Correction may be done with a single sensor or with an array of sensors for better correction over the entire screen. For a simple static convergence system, only one sensor is required at the center of the CRT screen. Dynamic convergence could be accomplished by using an array of sensors over the CRT face as indicated in FIGS. 5 and 5A. The sensors would be arrayed in a matrix and connected with very small wires so as not to be visible to the viewer. A selector system would step through the matrix and perform the convergence function for each gun at each point. In doing this, dynamic convergence, as well as raster distortion correction could be accomplished. By using seven bit counters, a total of 128 (27) possible landing positions in both the horizontal and vertical directions can be detected during one count sequence. The counter will roll over at the end of the 128th count if a reset pulse has not been received. The 128 line by 128 3.58 pulse area is large enough to minimize sensor ambiguity.
In an alternative multi-array system, the sensors could be located around the perimeter of the screen in the over-scanned area of the CRT. In either the matrix array or perimeter array, the position for each sensor would be stored in the microprocessor ROM. In this way, the system knows which sensor is being activated by counting sensor pulses after initialization reset.
The physical arrangement of the sensors may take many forms. As just mentioned, the sensors could be arranged about the perimeter of a CRT in the overscanned region. Obviously, in a projection television, an array of sensors could be located at least about part of the perimeter and on a part of the screen which is outside the viewing area. Moreover, one sensor could be used instead of many in combination with fiber optics as illustrated in FIG. 6.
Upon completion of the convergence correction, gray scale correction is performed, but in this case only a single sensor is required. Thus, for example, if the matrix array shown in FIG. 5 is used, then gray scale correction would be accomplished at the screen center, Cc.

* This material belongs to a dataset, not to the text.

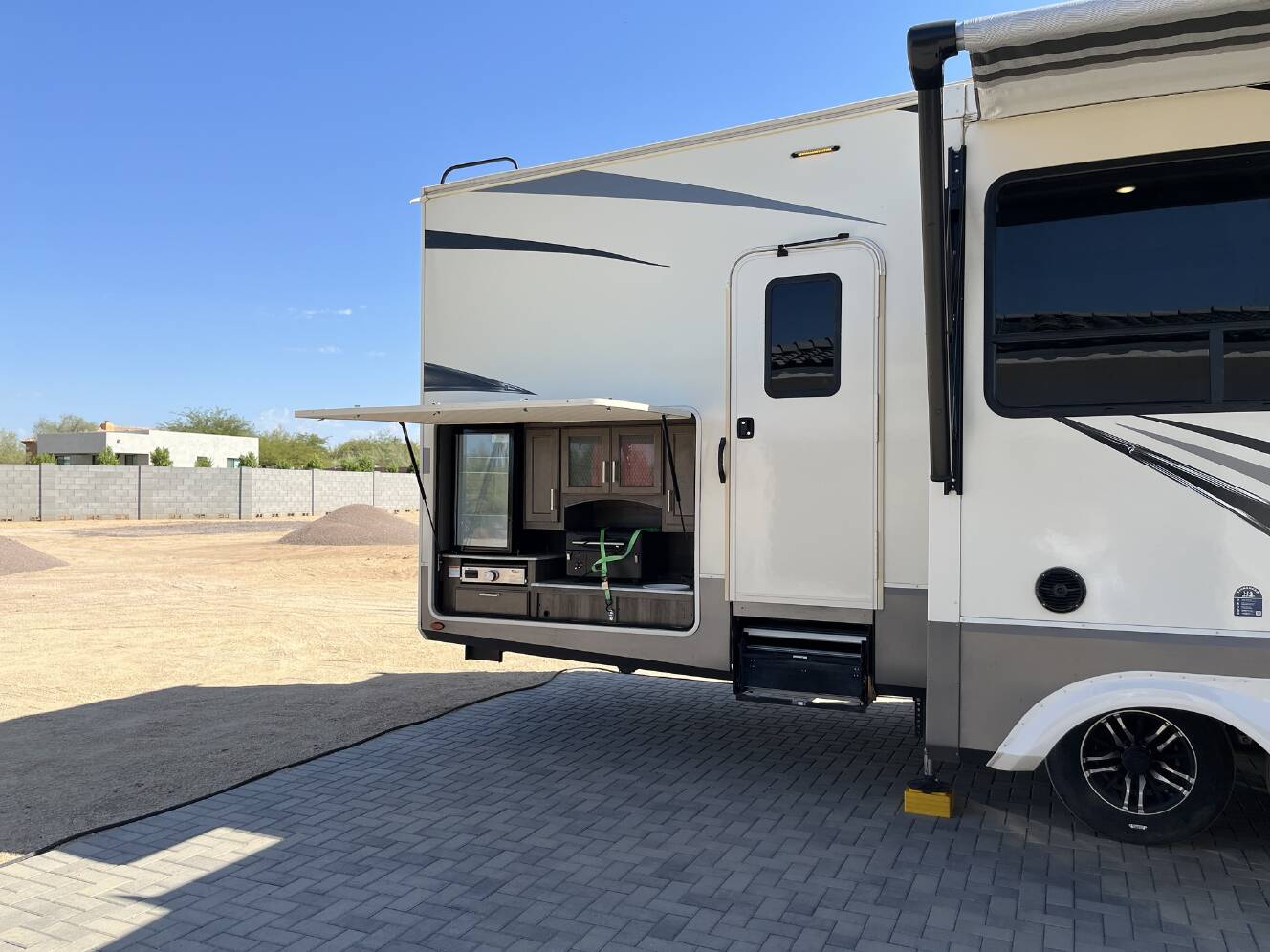 A photo of this 2021 Grand Design SOLITUDE S-CLASS 3704BH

Returning now to FIG. 1 of the drawings, the output of sensor 15 is supplied to an amplifier 21 the output of which is connected to gating amplifiers 22, 23 and 24. These gating amplifiers are sequentially enabled by the blanking signals produced at the outputs R2, R3 and R4 of the microprocessor 10. Turning now to FIG. 2, the separate red, green and blue control signals produced by the gating amplifiers 22, 23 and 24, respectively, are supplied to corresponding reference amplifiers 25, 26 and 27. The reference amplifier 25, is provided with a reference red voltage level which is compared with the red control signal from gating amplifier 22. The difference between the control and reference signals is an error signal which is stored in the hold circuit 28. This error signal represents the red correction and is used to set the gun drive in a manner well-known in the art. Similarly, the hold circuits 29 and 30 supply green and blue correction signals, respectively. In this way, the proper luminance is obtained for each of the three guns or light beams in order to maintain the gray scale.
Several sequences of correction are possible with the automatic convergence and gray scale correction system according to the invention. First, the system can automatically update continually looking for errors in convergence in gray scale as long as the television receiver is on. In the case where the sensors are in the field of view of the CRT face plate or the projection screen, this approach could produce objectionable white squares on the screen face, but as previously mentioned, this can be minimized by limiting the area that is blanked in the vicinity of the sensors. Alternatively, the system can update at periodic intervals such as, for example, every hour, every four hours, or the like. In this case, the microprocessor 10 would need to receive an interrupt signal from a clock to initiate the correction process. Many modern television receivers include a time of day clock which could provide the required interrupt signals, but if such a clock is not available, then it can be easily provided as a separate circuit. A third possibility is that the system can update after each turn on of the receiver. To allow the receiver circuitry to stabilize, the update would be delayed for perhaps five minutes into the warm-up period.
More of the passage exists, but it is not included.